On voit que la doctrine de l’excès de pouvoir, telle que le Conseil d’État l’a conçue dès l’origine, est très analogue à celle de la Cour de cassation. L’une et l’autre font rentrer dans l’excès de pouvoir l’atteinte à la séparation des pouvoirs, l’empiétement d’une autorité ou d’une juridiction sur une autre, la violation des formes substantielles, mais elles n’assimilent point à l’excès de pouvoir la violation ou la fausse application de la loi.
[409] Le parallélisme des deux jurisprudences ne s’est pas maintenu. Tandis que l’idée d’excès de pouvoir est demeurée la même en matière judiciaire, elle s’est élargie en matière administrative, elle s’est étendue peu à peu à toutes les espèces d’illégalités qui peuvent entacher les actes de l’administration. Le recours pour excès de pouvoir s’est ainsi progressivement transformé en une sorte de pourvoi en cassation, à l’appui duquel les parties ont pu invoquer des griefs tirés de la violation de la loi et de l’atteinte aux droits acquis.
Par quel moyen s’est opérée cette difficile transition entre l’idée d’excès de pouvoir et celle de violation de la loi ? Au moyen d’une évolution de jurisprudence, qui a peut-être été moins profonde et moins hardie qu’on ne le pense généralement, car elle a plutôt porté sur des questions de procédure et de terminologie juridique que sur des questions d’attributions.
En effet, le Conseil d’État a admis, de tout temps, d’une manière plus ou moins large, que les parties pouvaient réclamer devant lui l’annulation d’actes administratifs faits en violation de la loi et portant atteinte à leurs droits. A la vérité, ces recours n’étaient presque jamais considérés comme des recours pour excès de pouvoir ; on les désignait sous le nom de « recours contentieux… recours par la voie contentieuse » ; on ne leur donnait pas pour base la loi des 7-14 octobre 1790, mais le principe général d’après lequel l’acte administratif qui porte atteinte à un droit peut donner naissance à une réclamation devant le juge administratif. C’est en vertu de ce principe que le Conseil d’État, après 1830, admettait les recours des officiers contre les décisions ministérielles ou les ordonnances royales qui portaient atteinte à leur grade ou à leurs droits à l’avancement ; les recours des communes contre les arrêtés préfectoraux, qui inscrivaient d’office des crédits à leur budget pour des dépenses n’ayant pas un caractère obligatoire, ou pour des sommes supérieures au montant de l’obligation ; d’autres recours encore, formés dans des matières très diverses, contre des actes administratifs rapportant ou modifiant des actes antérieurs qui avaient créé des droits à des particuliers ou à des communes.
Mais, après le décret du 2 novembre 1864, le Conseil d’État a pris l’habitude de viser la loi des 7-14 octobre 1790 dans les [410] affaires de cette nature, et de faire ainsi rentrer dans les cas d’excès de pouvoir les diverses illégalités qui peuvent porter atteinte à un droit.
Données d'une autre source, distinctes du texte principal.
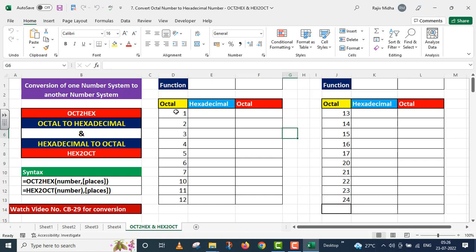In the octal number system, the valid digits are zero to seven — eight and nine do not exist in octal. In the hexadecimal number system, we have 16 digits: zero to nine, and then six alphabets.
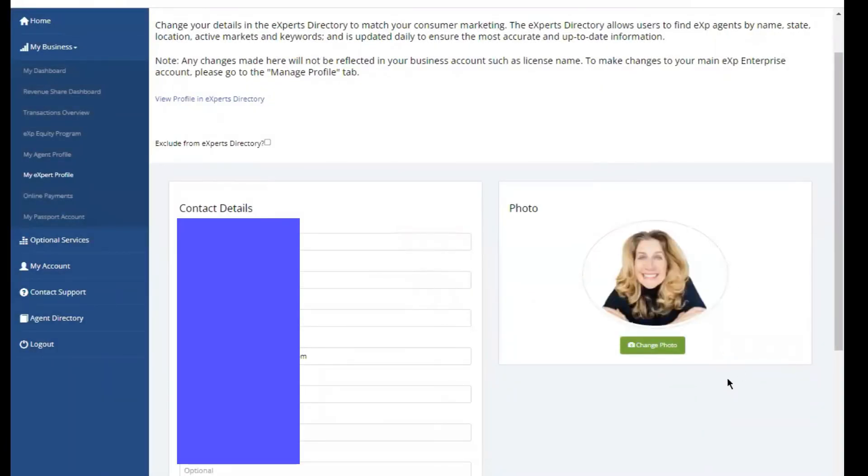Now, last time I updated the photo, I think it took a couple of days for it to update in the system, just an FYI, but this is how you do it.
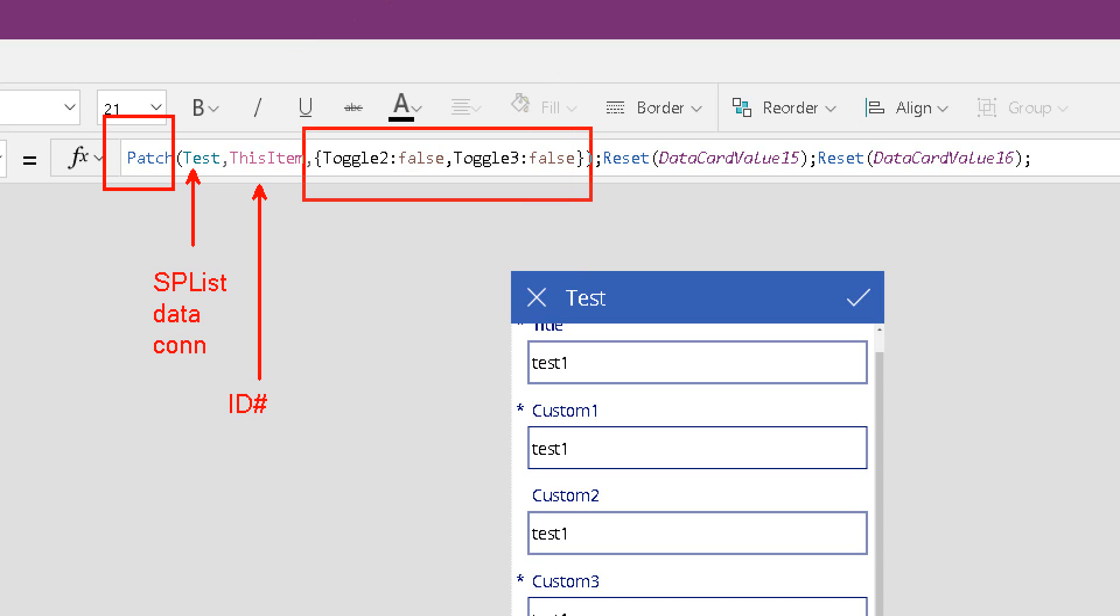And here you have a JSON expression. And these are the values that we're setting. So what we're doing here is we're setting values. And there's two of them, false for toggle 2 and false for toggle 3.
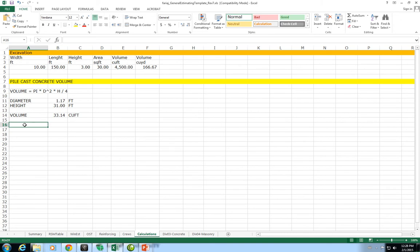This ends the calculations for volume of concrete. Next we will do the calculations for steel and then figure out the cost of these elements for each one of the pile casts that we have in this project.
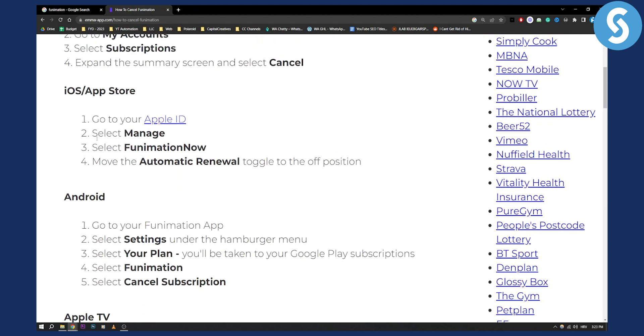If you purchased it on your iOS device, you need to go to your Apple ID in settings. From there, select manage, then select Funimation and move the automatic renewal toggle to the off position. Or you can just go to manage and unsubscribe.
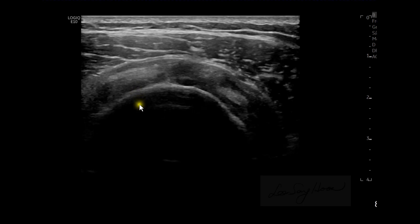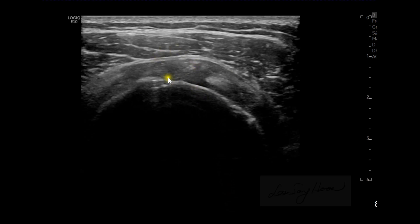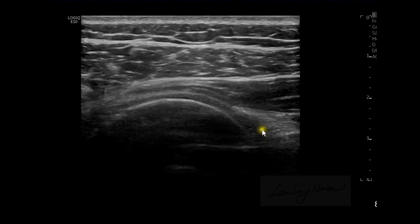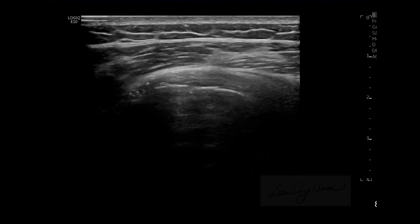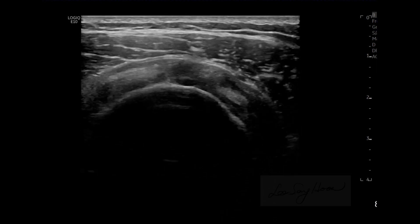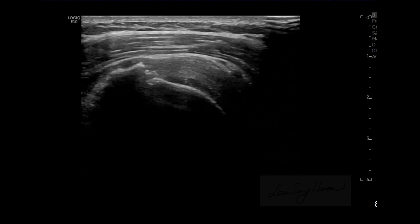A short axis scan of the supraspinatus shows heterogeneous low echogenicity. A longitudinal scan shows the infraspinatus tendon and muscle, but there is prominent joint effusion. My ultrasound diagnosis is the supraspinatus insertional tear with delamination, subdeltoid effusion, and chronic subacromial impingement and bursitis. As I know, these pathologies can explain abduction and internal rotation limitation and pain, but not external rotation limitation. There is no clue about the capsular limitation of the glenohumeral joint.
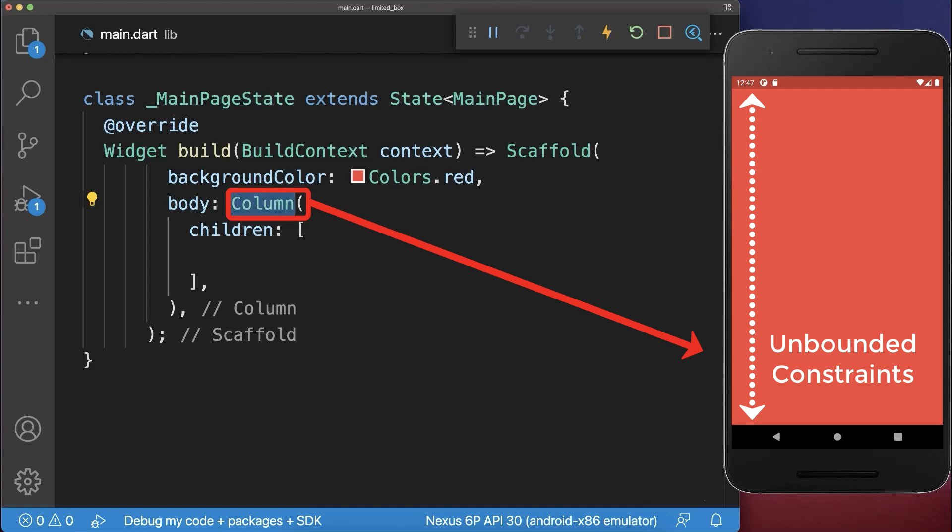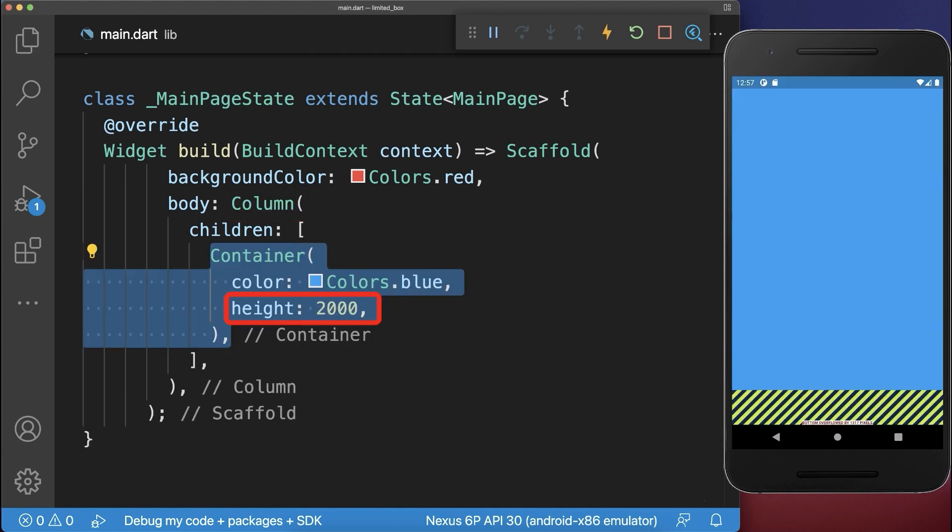The ListView and Column widgets have vertically an unbounded constraint, which means widgets that are placed inside are not restricted in the height, only an overflow error could occur.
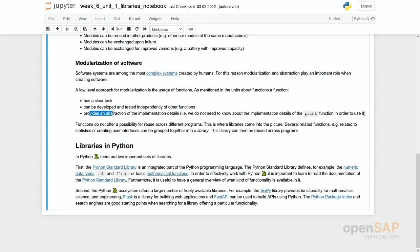However, these functions so far could only be used within one program, not from one program to the next program. This is why we need this concept of libraries.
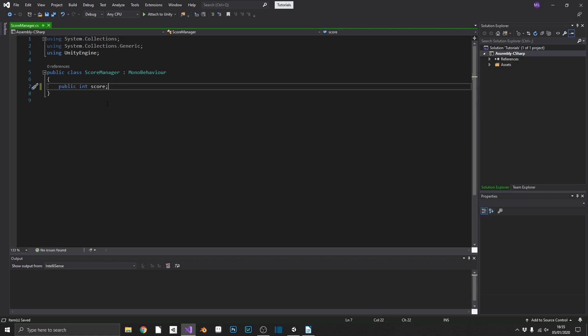Now what you may already do is create a reference to your score manager script in your player script for example, drag and drop the score manager game object onto your player and increment your score that way. Now that works but it's also a very messy way to do it and it's very prone to errors. So instead, as you guessed, we're going to make this score manager into a singleton.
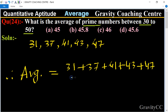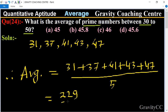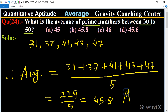Divided by 5 — there are five numbers — equal to 229 upon 5. After dividing we get 45.8, which is the required answer. Option B is the correct answer.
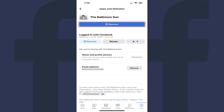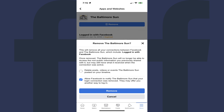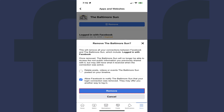Step 6: Tap Remove. A dialog box pops up asking if you're sure you want to remove the connection between this app or website and your Facebook account. You may also see additional options to delete posts, videos, or events associated with the connected app or website from your timeline, and also whether you want to notify the provider that you're removing the connection. Step 7: Tap Remove again after making your selections.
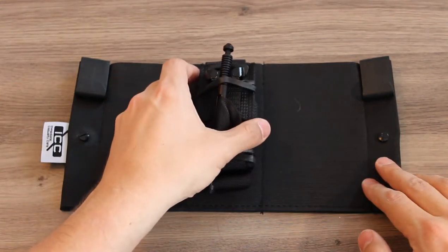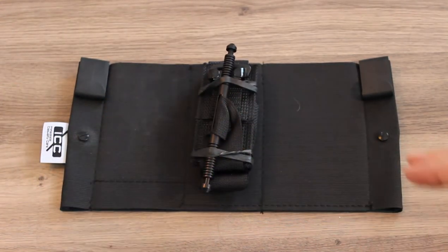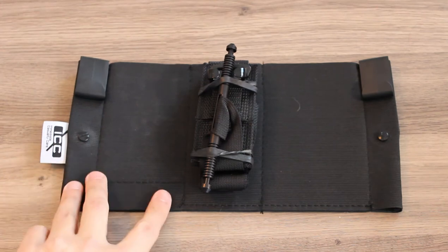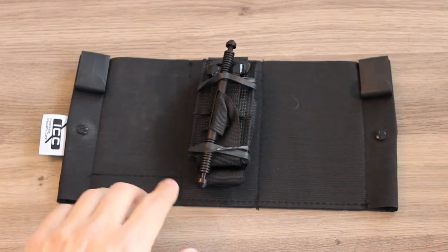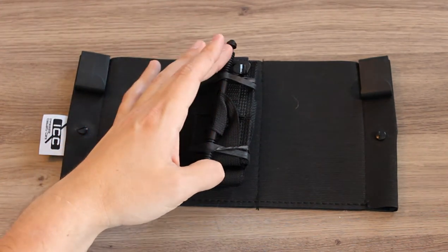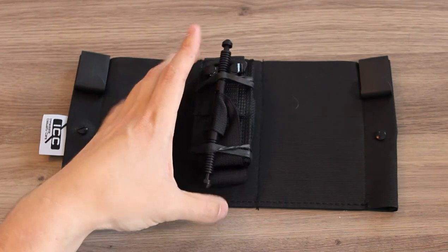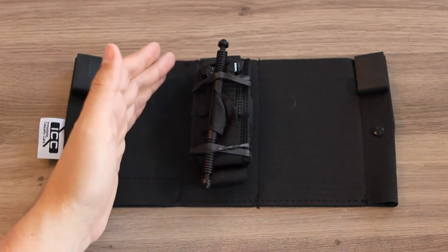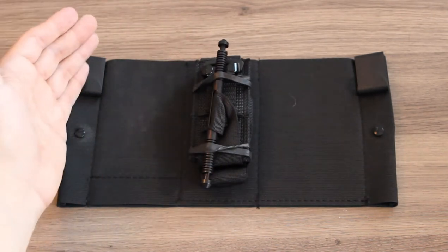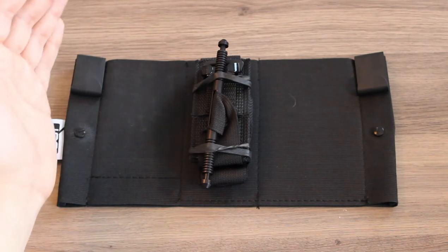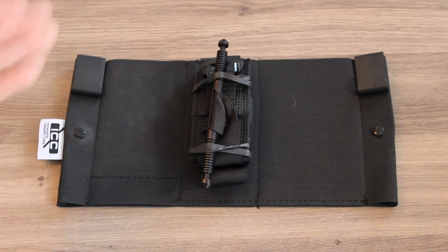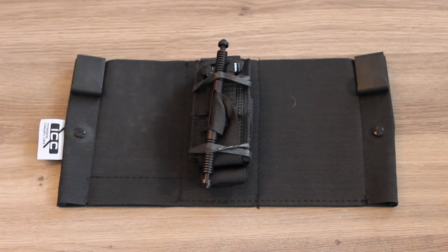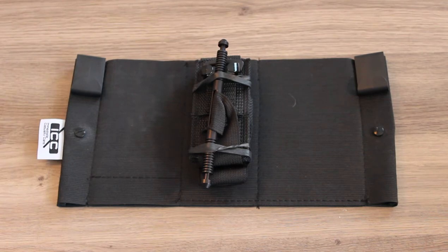In this case we have the Soft-T Gen 4 tourniquet. But keep in mind if you're using a tourniquet like the Soft-T, it has a metal windlass and that is going to make this a metal-containing setup. As such, you will not be able to get through metal detectors or wands without setting off the detector.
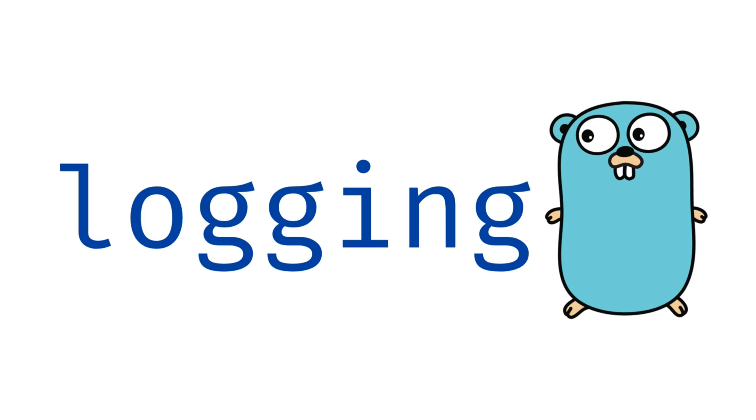We'll unravel the mysteries of FMT prints, log package, and discuss the common pitfalls developers face.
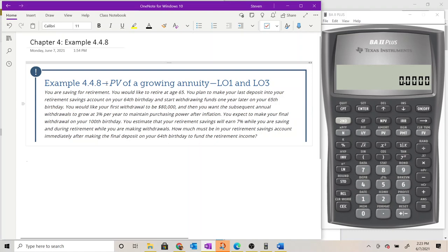Example 4.4.8. The setup says you are saving for retirement. You would like to retire at age 65. You plan to make your last deposit into your retirement savings account on your 64th birthday and start withdrawing funds one year later on your 65th birthday.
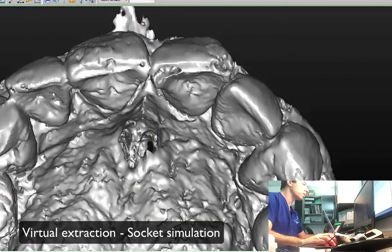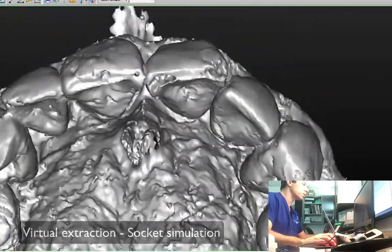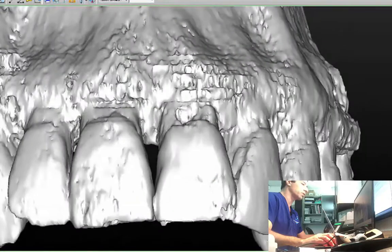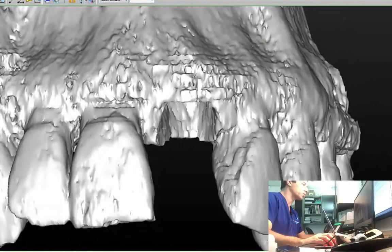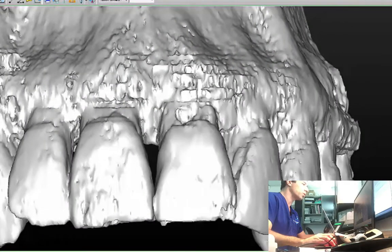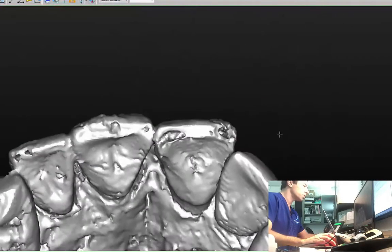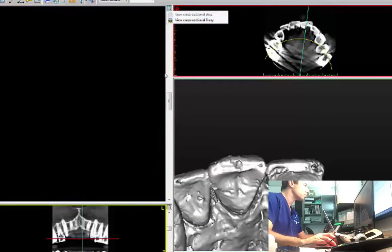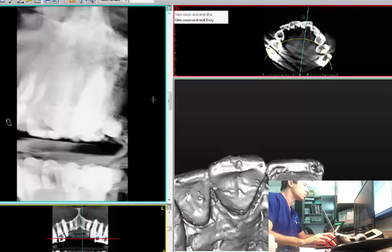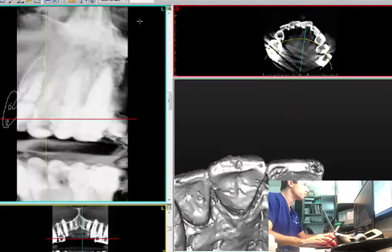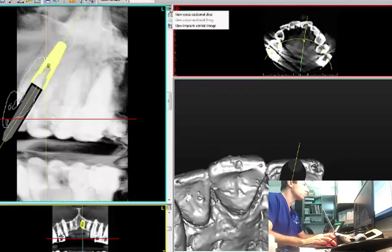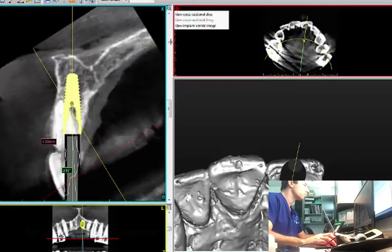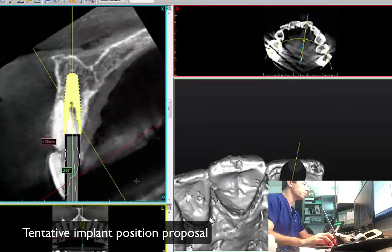We have the tooth and we have the tooth extracted virtually. Pretty cool. So here it is — we have the implant. Here's the position of the implant.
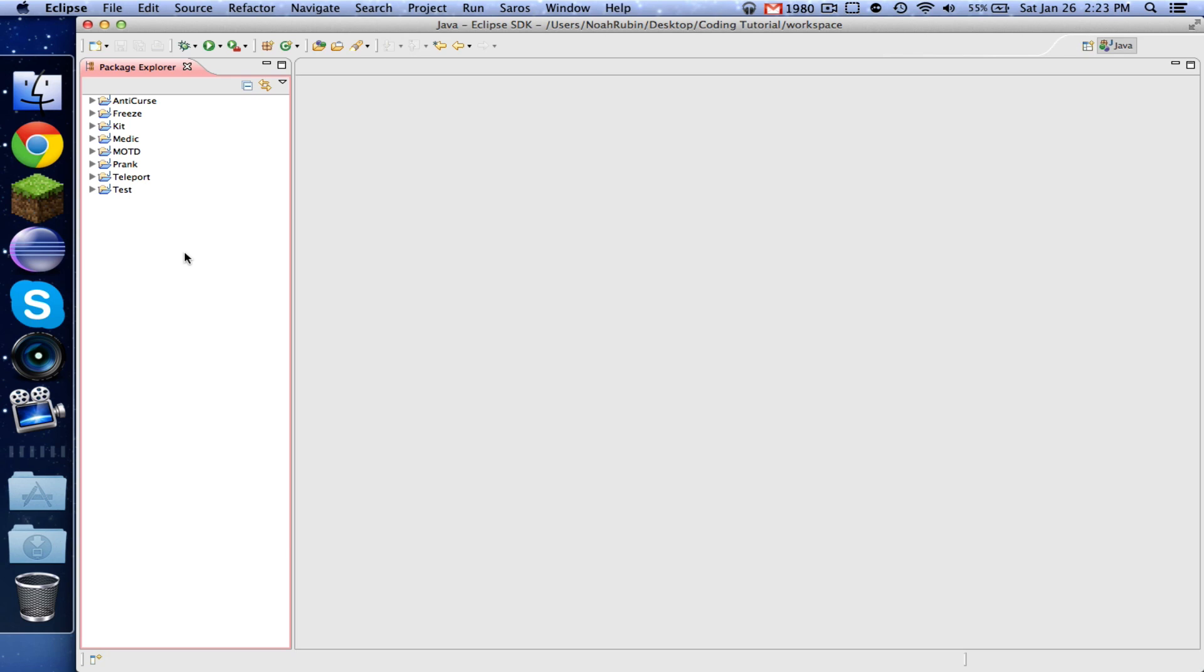In this video, we are going to look a little bit at the Bukkit scheduler by making an announcement plugin that broadcasts an announcement on an interval.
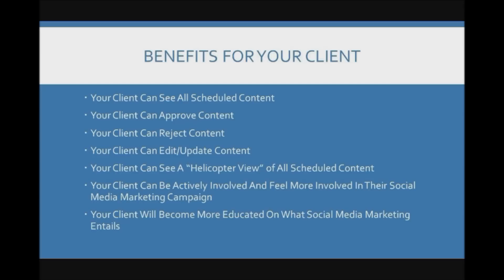Your clients can see a helicopter view of all scheduled content in a calendar format. Your client can be actively involved and feel more involved in their social media marketing campaign. And your client can become more educated about what social media marketing actually involves and entails.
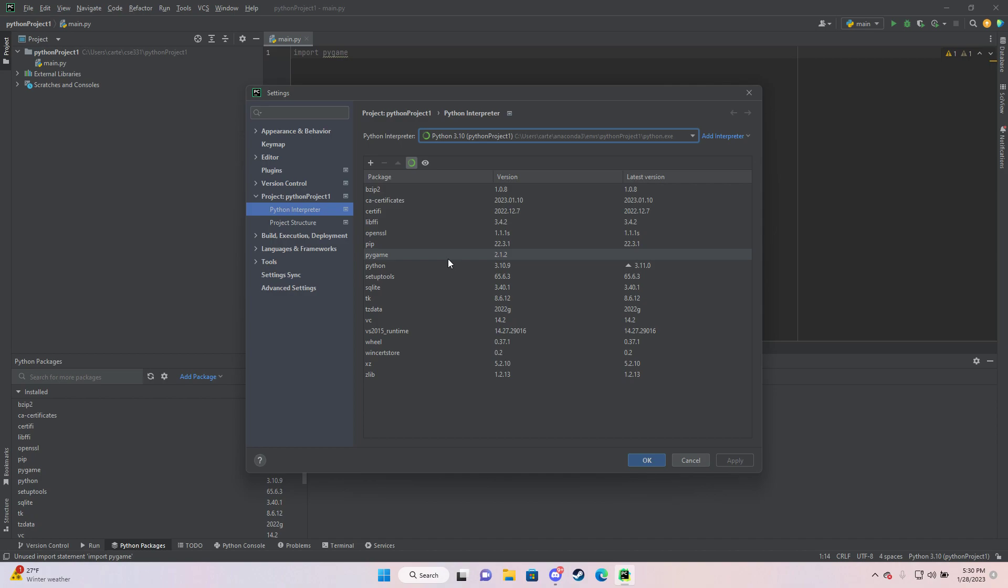Or like I said, whatever module you're trying to use, and it'll be the same regardless. So if it's on here, you're good.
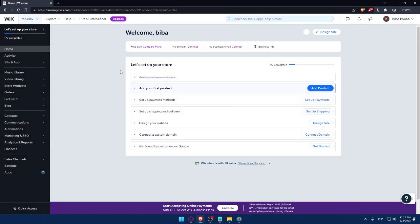From here you can finish setting up your store: add your first product, set up a payment method, configure shipping and delivery, design your website, connect a custom domain, and get found by customers on Google.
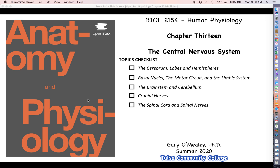Hey everyone, welcome back for more human physiology. This chapter is going to focus on the central nervous system. Subsequent chapters on the nervous system are going to start focusing in on particular parts of the nervous system. What we covered in chapter 12 was basically just giving us all the fundamentals we need to understand how signals are sent in the nervous system.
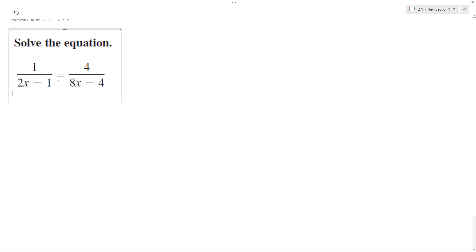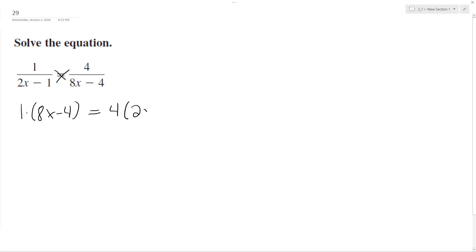To tell you the truth, cross multiplying is going to be easier. So we'll do 1 times quantity 8x minus 4 is equal to 4 times quantity 2x minus 1.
On comprend l’influence exercée par ce décret : il permettait aux parties de former, sans le ministère d’un avocat, et sans autres frais que les droits de timbre et d’enregistrement, « les recours portés devant le Conseil d’État en vertu de la loi des 7-14 octobre 1790, contre les actes administratifs, pour incompétence et excès de pouvoir » ; le Conseil d’État pensa que l’esprit de cette disposition — qu’il avait lui-même rédigée et dont il devait connaître la véritable portée — était d’étendre cette procédure à toutes les demandes d’annulation d’actes administratifs contraires à la loi et au droit ; il estima qu’une partie ne mérite pas moins de faveur lorsqu’elle dénonce un acte violant son droit individuel, que lorsqu’elle relève un cas d’incompétence ou de vice de forme contre un acte administratif qui ne blesse que son intérêt. De là l’assimilation que la jurisprudence fit de plus en plus entre les recours contentieux en annulation fondés sur la violation de la loi et des droits acquis, et le recours pour excès de pouvoir proprement dit. Nul arrêt de principe n’érigea cette assimilation en doctrine, mais elle n’en fut pas moins réalisée en jurisprudence. En cette matière comme en beaucoup d’autres, le Conseil d’État démontra le mouvement en marchant (1. Rapprocher les arrêts rendus, en matière de grades, avant et après 1870. — Avant 1870, ils ne visent jamais la loi des 7-14 octobre 1790, mais seulement les lois sur l’avancement et sur l’état des officiers. (Voy. 21 mai 1840, Tirlet ; 23 juin 1841, Darthesé ; 23 décembre 1842, Fontan ; 11 décembre 1848, Hélie ; 21 avril 1853, Rigollot ; 12 mai 1868, Renno ; 26 juin 1869, Lullier.) Au contraire, la loi des 7-14 octobre 1790 et celle du 24 mai 1872 sont visées dans les arrêts plus récents du 23 mars 1872, Pichon ; 6 février 1874, Houneau ; 28 décembre 1877, West ; 4 juillet 1879, Roch ; 22 juillet 1881, Thile, etc., 9 mars 1894, Layrle.).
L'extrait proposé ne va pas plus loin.